Arafat starb am 11. November 2004 in Paris, wo ihm auch europäische Medizin nicht mehr helfen konnte. Die französischen Ärzte sprachen von einer natürlichen Todesursache. Arafats ungewöhnliche Symptome seien auch durch normale Krankheiten zu erklären.

Doch gerade im arabischen Raum hält sich der Mythos vom Märtyrer: Wurde Arafat ermordet? Starb er den gleichen Tod, wie Alexander Litvinenko, der 2006 in London mit Polonium-210 vergiftet wurde? Der russische Geheimdienst soll jemanden beauftragt haben, den Tee ihres übergelaufenen Spions mit Polonium-210 zu vergiften. Zwar reicht die Alfa-Strahlung der radioaktiven Substanz im Gewebe nur ein zehntel Millimeter weit, doch schon dadurch kann der Körper langsam von innen zerstört werden.

Tatsächlich wurde Polonium-210 bei Litwinenko eindeutig nachgewiesen – und weil Russland weltweit der einzig bekannte Produzent ist, lag es nahe, dass der Geheimdienst sich dort bedient haben könnte.

Doch im Fall Arafat sind Experten skeptisch, ob die Analyse überhaupt ein Ergebnis bringen wird. "Falls noch Polonium vorhanden ist, werden es winzige Mengen sein", sagt Klaus Mayer, Leiter der nuklearen Forensik am Karlsruher Institut für Transurane.

Litwinenko soll eine tödliche Dosis von einem bis fünf Mikrogramm verabreicht worden sein. Doch weniger als die Hälfte des gut wasserlöslichen Poloniums wird überhaupt vom Körper aufgenommen – das meiste binnen weniger Tage über Schweiß und maßgeblich über Urin und Exkremente wieder ausgeschieden. Und während beim russischen Ex-Agenten die Suche nach der Todesursache sofort begann, hätte im Fall Arafat die Zeit für die mutmaßlichen Giftmörder gearbeitet. Denn das Gift zerstört sich durch radioaktiven Zerfall selbst und sein Zerfallsprodukt Blei ist im Körper nicht ungewöhnlich.

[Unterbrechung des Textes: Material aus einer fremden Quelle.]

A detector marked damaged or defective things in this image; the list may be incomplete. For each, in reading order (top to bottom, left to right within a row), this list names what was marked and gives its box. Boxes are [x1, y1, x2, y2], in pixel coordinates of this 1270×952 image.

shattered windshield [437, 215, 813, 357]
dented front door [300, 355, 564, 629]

Durch die Radioaktivität ist nach 138 Tagen jeweils die Hälfte des Poloniums zerfallen, 20 solcher Halbwertszeiten sind seit Arafats Tod vergangen. "Von der vom Körper aufgenommenen Menge Polonium-210 ist damit nur noch ein Millionstel übriggeblieben", sagt Mayer, "und das hat sich noch über den Körper verteilt." Etwa die Hälfte in der Leber, zehn Prozent im Skelett, 20 Prozent in den Muskeln.

Von den Überresten Arafats hat das Lausanner Expertenteam wohl nur wenige Gramm als Probe mit in die Schweiz nehmen dürfen. "Von dem darin möglicherweise vorhandenen Polonium muss man dann noch Verlusten in der chemischen Aufbereitung und bei der Zählausbeute der Messgeräte Tribut zollen", ergänzt Mayer.

Das klingt deprimierend – als ob die Suche von vornherein zum Scheitern verurteilt sei. Ist sie aber nicht, denn die Spezialisten mit ihren Reinst-Räumen, extrem sauberen Chemikalien und zahlreichen Kontrollmessungen können mit solchen Herausforderungen umgehen.

"Im günstigsten Fall detektieren sie schließlich alle 1000 Sekunden im Messgerät ein Signal, das durch radioaktiven Zerfall von Polonium ausgelöst wurde", rechnet Mayer vor, der selbst solche Extrem-Analytik im Kampf gegen Atomschmuggel betreibt. Vermutlich werde man mit dem Alpha-Spektrometer etwa zwei Wochen messen müssen. "Das ist schon sehr, sehr schwierig", zollt er den Kollegen Respekt.

"Wenn kein Polonium gefunden wird, darf man daraus nicht den Umkehrschluss ziehen, dass Arafat nicht vergiftet wurde." Es könne auch sein, dass die Substanz nicht mehr nachgewiesen werden kann. Die Giftmord-These wird also nicht sterben.

Unter diesen Bedingungen überrascht das Ergebnis der Schweizer Experten, die Kleidung untersuchten, die Arafat vor acht Jahren angeblich im Krankenhaus getragen haben soll. Zweimal wurde diese vermessen: im Februar und im Mai 2012. Bei einer Probe (Unterwäsche) habe alle fünf Sekunden das Messgerät ein durch radioaktiven Zerfall von Polonium-210 ausgelöstes Signal geliefert, berichtete Francois Bochud, Direktor des Instituts für Radiophysik, in der Wissenschaftszeitung "Nature".

Er räumte freimütig ein, dass er nicht damit gerechnet habe, Polonium zu finden, als er den Auftrag vom TV-Sender Al Dschasira erhalten habe: "Wir haben es nur wegen des Falls Litwinenko gemacht."

Eine Information werden die Schweizer Messungen nach Mayers Ansicht in keinem Fall liefern: nämlich die, woher das Gift stammt, oder wer der Täter sein könnte. "Polonium ist durch den speziellen Herstellungsprozess aus Bismut immer sehr sauber", sagt er, "da werden sie weder Spuren vom Hersteller noch vom Lieferanten finden."